_PROBLEM DETAILS_: Write out, without any change, the lines in the material below that run from the line with "Ubiquiti UniFi wireless access point" through the line with "Kattefoder, BRIT weight control sterilized", both included.

_LISTED RECORDS_:

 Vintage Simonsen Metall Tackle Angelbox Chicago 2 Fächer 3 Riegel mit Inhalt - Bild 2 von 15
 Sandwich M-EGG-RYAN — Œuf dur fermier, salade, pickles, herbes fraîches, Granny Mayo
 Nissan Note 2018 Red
...
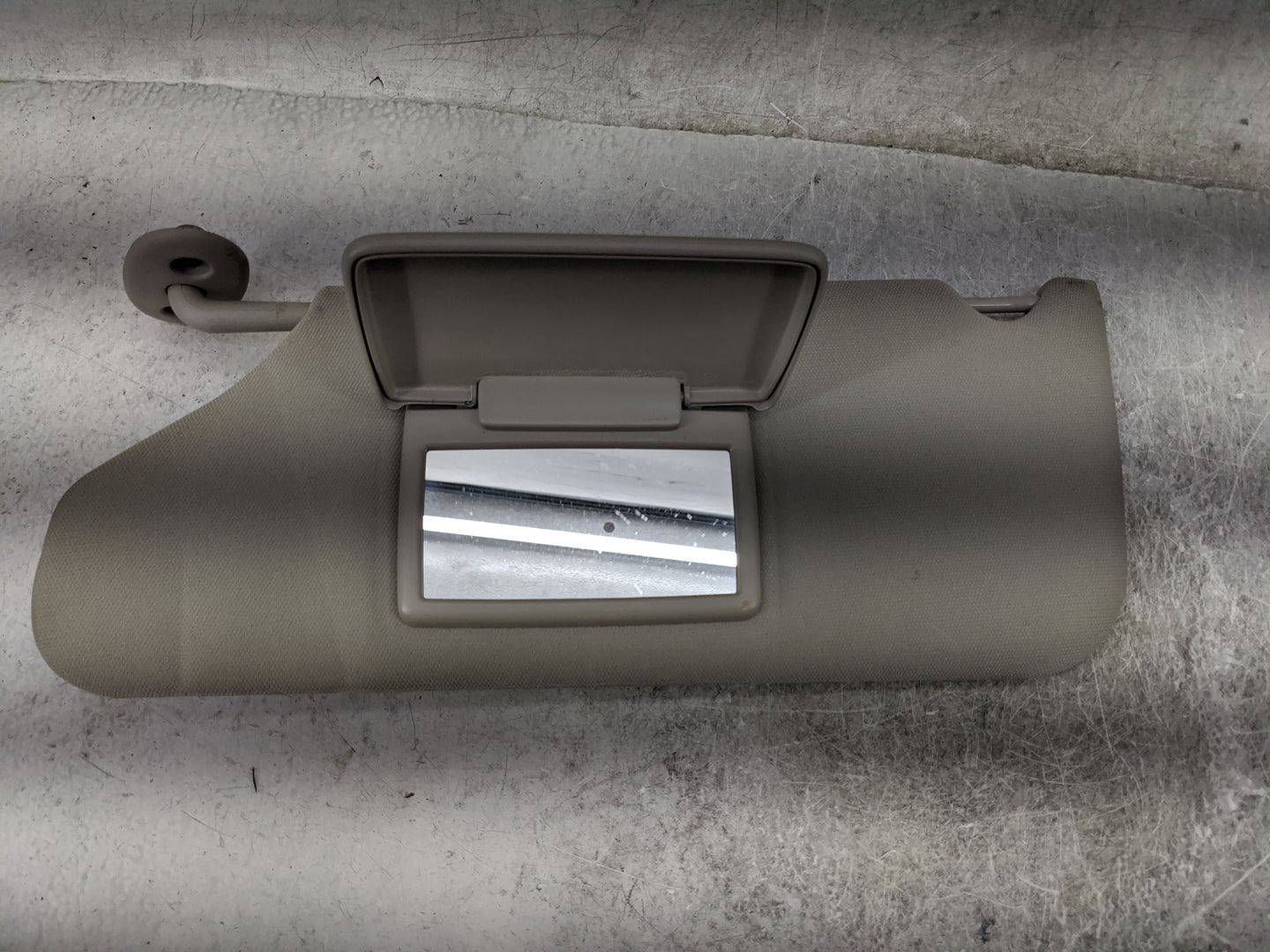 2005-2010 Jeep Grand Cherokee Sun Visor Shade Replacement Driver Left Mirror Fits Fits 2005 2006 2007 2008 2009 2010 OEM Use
--
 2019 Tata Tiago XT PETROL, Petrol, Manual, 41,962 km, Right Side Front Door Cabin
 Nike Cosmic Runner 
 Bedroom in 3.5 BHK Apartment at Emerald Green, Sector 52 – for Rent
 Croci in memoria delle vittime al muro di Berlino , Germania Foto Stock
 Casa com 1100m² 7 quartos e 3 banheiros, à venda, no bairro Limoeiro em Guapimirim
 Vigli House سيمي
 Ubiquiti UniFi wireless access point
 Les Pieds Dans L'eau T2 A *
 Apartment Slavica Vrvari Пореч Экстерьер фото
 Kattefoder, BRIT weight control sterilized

_OUTPUT OF THE TASK_:
 Ubiquiti UniFi wireless access point
 Les Pieds Dans L'eau T2 A *
 Apartment Slavica Vrvari Пореч Экстерьер фото
 Kattefoder, BRIT weight control sterilized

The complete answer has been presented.